Le mouvement social qui a surgi du très-fond du peuple libanais en octobre 2019, et qui perdure malgré tout sous des formes même les plus anodines et silencieuses, a marqué d’un fer rouge le refus des politiques et pratiques de décennies de corruption qui a fini par gangrener l’ensemble du corps social, de financiarisation de l’économie, de spéculation foncière, d’un mépris hautain, y compris lorsqu’il s’exprime dans sous forme de sympathie paternaliste, de tout acte dont le but ne serait pas le gain sonnant et trébuchant. 

Que pourraient alors peser des ports phéniciens vieux de 2500 ans noyés dans ce jeu d’hyènes en mal de pâtures pour de juteuses spéculations foncières au profit de nantis de bas étage ?

Protéger, conserver et restaurer les ports phéniciens du Liban, c’est non seulement respecter son histoire, c’est dire aussi que l’on a entendu le soulèvement inédit, par sa forme comme dans son contenu, d’octobre 2019. C’est dire non, dans le quotidien de la vie économique et sociale, à l’ère des spéculations en tous genres de ces dernières décennies. C’est donner un gage fort d’une volonté de réorientation de l’action des pouvoirs publics en faveur d’autres valeurs. 

Et ces valeurs ne sont pas seulement historiques ou patrimoniales.

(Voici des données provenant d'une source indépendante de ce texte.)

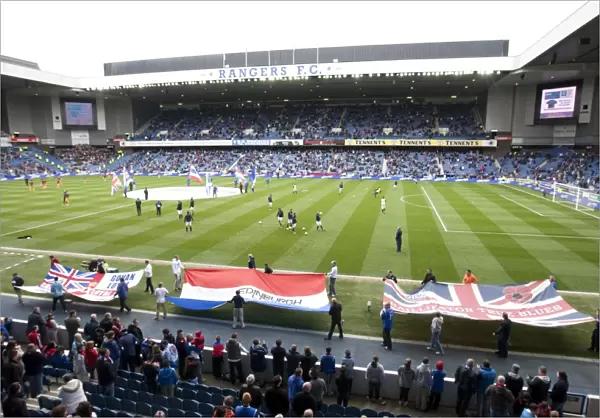 Rangers Fans United: A Sea of Flags at Ibrox Stadium - Passionate Rangers Supporters Rally During the Scottish Premier League Match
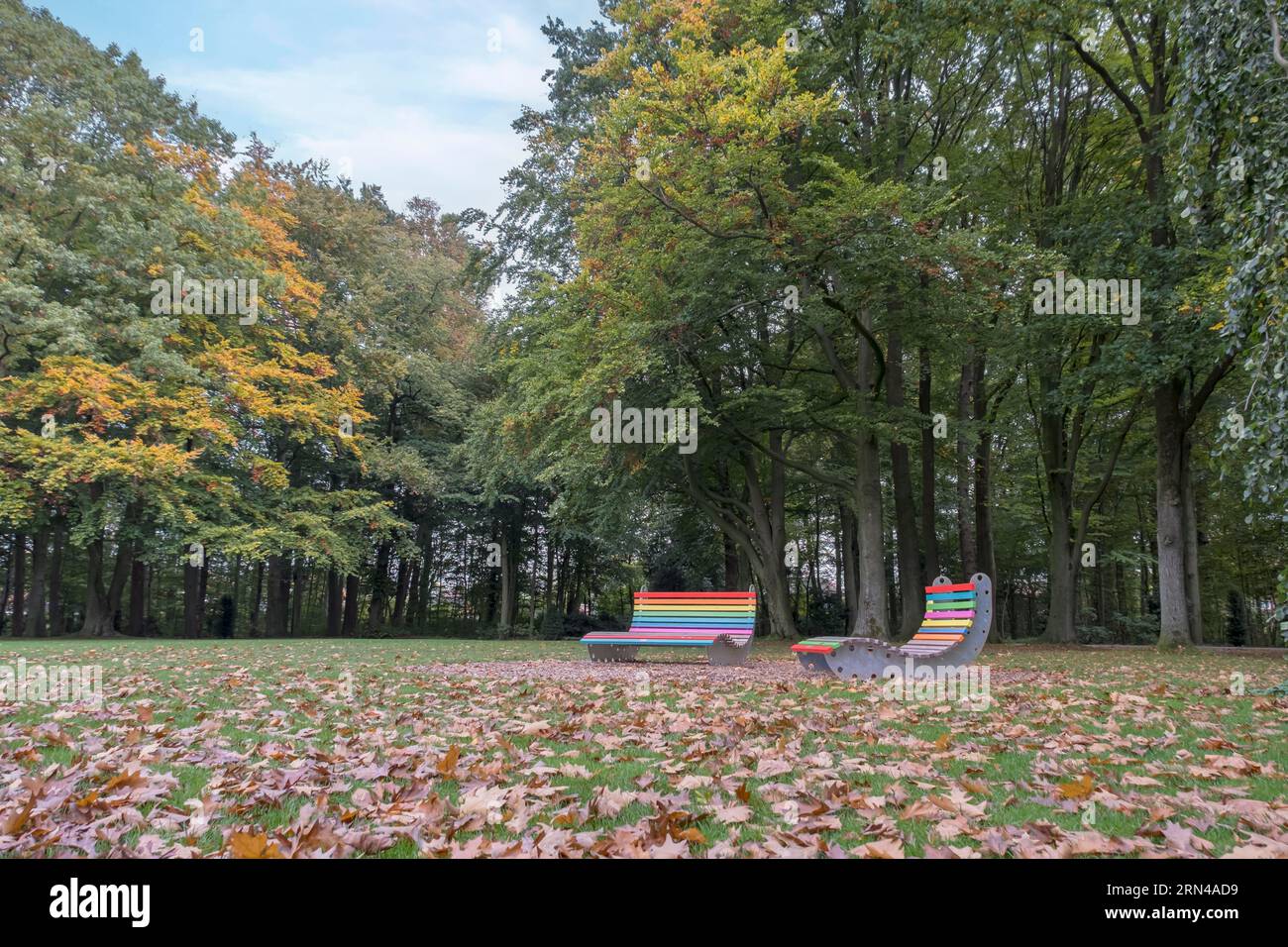 Colourful bench and colourful lounger, palace gardens Ahaus, Muensterland, North Rhine-Westphalia, Deuts Stock Photo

Elles sont un sens du choix économique et social que l’on veut promouvoir.

La conservation, la restauration et la mise en valeur des ports phéniciens peuvent se révéler en outre un véritable trésor pour le Liban et le guide d’une nouvelle orientation par :

– la valorisation du tourisme en mettant le levier vers un tourisme durable et lieu de brassage des différentes communautés libanaises qui viendraient ainsi de différentes régions du Liban, auraient la possibilité d’être accueillies chez l’habitant, créant ainsi une ressource financière appréciable tout autant qu’un rapprochement humain intégrateur.

– la création d’une école navale publique puisant dans le génie naval des Phéniciens, le valorisant et le modernisant des savoir faire les plus avancés. Cela créerait des compétences à différents niveaux dans les techniques de construction navale comme dans les technologies électroniques et numériques.

– la création d’une entreprise nationale publique de chantiers navals spécialisés dans la construction de bateaux de pêche comme de plaisanciers inspirés des bateaux phéniciens. Cela créerait une industrie spécifiquement libanaise, produit d’un savoir-faire ancestral, source de créativité technologique et d’emplois de tous types de qualification.

Cela serait un exemple et une direction vers une économie libanaise fondée sur la création de valeur, de compétences, de respect de soi-même, de son patrimoine et de son histoire, une économie génératrice d’emplois pour une jeunesse hautement qualifiée.